DATA EXCERPTS: Begin

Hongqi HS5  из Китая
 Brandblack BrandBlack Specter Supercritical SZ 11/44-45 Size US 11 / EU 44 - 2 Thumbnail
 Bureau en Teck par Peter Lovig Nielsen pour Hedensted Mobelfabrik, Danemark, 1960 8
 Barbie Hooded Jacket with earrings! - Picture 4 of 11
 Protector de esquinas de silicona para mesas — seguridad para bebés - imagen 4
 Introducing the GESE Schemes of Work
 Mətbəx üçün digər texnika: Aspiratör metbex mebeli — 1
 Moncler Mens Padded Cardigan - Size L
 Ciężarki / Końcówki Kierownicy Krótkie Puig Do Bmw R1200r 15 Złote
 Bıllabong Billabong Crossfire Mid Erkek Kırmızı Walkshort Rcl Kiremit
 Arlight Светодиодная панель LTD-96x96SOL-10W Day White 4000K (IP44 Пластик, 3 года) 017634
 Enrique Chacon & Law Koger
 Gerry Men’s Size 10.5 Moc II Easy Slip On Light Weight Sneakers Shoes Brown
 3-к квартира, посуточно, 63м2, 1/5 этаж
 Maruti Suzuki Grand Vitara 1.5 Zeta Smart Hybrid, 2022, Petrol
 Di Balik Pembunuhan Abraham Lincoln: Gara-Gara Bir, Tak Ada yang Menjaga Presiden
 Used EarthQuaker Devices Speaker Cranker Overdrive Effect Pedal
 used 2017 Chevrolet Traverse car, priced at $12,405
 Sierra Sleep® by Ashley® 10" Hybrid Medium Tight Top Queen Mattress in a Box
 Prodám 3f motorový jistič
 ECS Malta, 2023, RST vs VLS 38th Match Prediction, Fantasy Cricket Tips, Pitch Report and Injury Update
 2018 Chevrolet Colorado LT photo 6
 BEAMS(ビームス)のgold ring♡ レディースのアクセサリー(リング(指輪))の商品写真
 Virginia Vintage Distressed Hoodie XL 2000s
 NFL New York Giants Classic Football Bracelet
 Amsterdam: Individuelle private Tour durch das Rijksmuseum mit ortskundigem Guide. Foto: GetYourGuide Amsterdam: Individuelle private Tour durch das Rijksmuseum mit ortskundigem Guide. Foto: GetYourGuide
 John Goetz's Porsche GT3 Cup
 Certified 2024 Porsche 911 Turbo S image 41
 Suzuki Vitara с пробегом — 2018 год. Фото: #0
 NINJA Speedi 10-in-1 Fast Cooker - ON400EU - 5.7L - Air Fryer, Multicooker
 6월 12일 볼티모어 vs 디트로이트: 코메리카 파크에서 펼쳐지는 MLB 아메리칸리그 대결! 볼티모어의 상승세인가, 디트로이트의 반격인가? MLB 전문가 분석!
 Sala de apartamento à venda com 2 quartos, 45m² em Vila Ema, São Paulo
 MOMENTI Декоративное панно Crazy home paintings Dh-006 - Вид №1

DATA EXCERPTS: End

BRIEF: Please copy the line that holds "Moncler Mens Padded Cardigan - Size L" and each line under it through the last line above, exactly as they stand, adding nothing.

YOUR SOLUTION:
 Moncler Mens Padded Cardigan - Size L
 Ciężarki / Końcówki Kierownicy Krótkie Puig Do Bmw R1200r 15 Złote
 Bıllabong Billabong Crossfire Mid Erkek Kırmızı Walkshort Rcl Kiremit
 Arlight Светодиодная панель LTD-96x96SOL-10W Day White 4000K (IP44 Пластик, 3 года) 017634
 Enrique Chacon & Law Koger
 Gerry Men’s Size 10.5 Moc II Easy Slip On Light Weight Sneakers Shoes Brown
 3-к квартира, посуточно, 63м2, 1/5 этаж
 Maruti Suzuki Grand Vitara 1.5 Zeta Smart Hybrid, 2022, Petrol
 Di Balik Pembunuhan Abraham Lincoln: Gara-Gara Bir, Tak Ada yang Menjaga Presiden
 Used EarthQuaker Devices Speaker Cranker Overdrive Effect Pedal
 used 2017 Chevrolet Traverse car, priced at $12,405
 Sierra Sleep® by Ashley® 10" Hybrid Medium Tight Top Queen Mattress in a Box
 Prodám 3f motorový jistič
 ECS Malta, 2023, RST vs VLS 38th Match Prediction, Fantasy Cricket Tips, Pitch Report and Injury Update
 2018 Chevrolet Colorado LT photo 6
 BEAMS(ビームス)のgold ring♡ レディースのアクセサリー(リング(指輪))の商品写真
 Virginia Vintage Distressed Hoodie XL 2000s
 NFL New York Giants Classic Football Bracelet
 Amsterdam: Individuelle private Tour durch das Rijksmuseum mit ortskundigem Guide. Foto: GetYourGuide Amsterdam: Individuelle private Tour durch das Rijksmuseum mit ortskundigem Guide. Foto: GetYourGuide
 John Goetz's Porsche GT3 Cup
 Certified 2024 Porsche 911 Turbo S image 41
 Suzuki Vitara с пробегом — 2018 год. Фото: #0
 NINJA Speedi 10-in-1 Fast Cooker - ON400EU - 5.7L - Air Fryer, Multicooker
 6월 12일 볼티모어 vs 디트로이트: 코메리카 파크에서 펼쳐지는 MLB 아메리칸리그 대결! 볼티모어의 상승세인가, 디트로이트의 반격인가? MLB 전문가 분석!
 Sala de apartamento à venda com 2 quartos, 45m² em Vila Ema, São Paulo
 MOMENTI Декоративное панно Crazy home paintings Dh-006 - Вид №1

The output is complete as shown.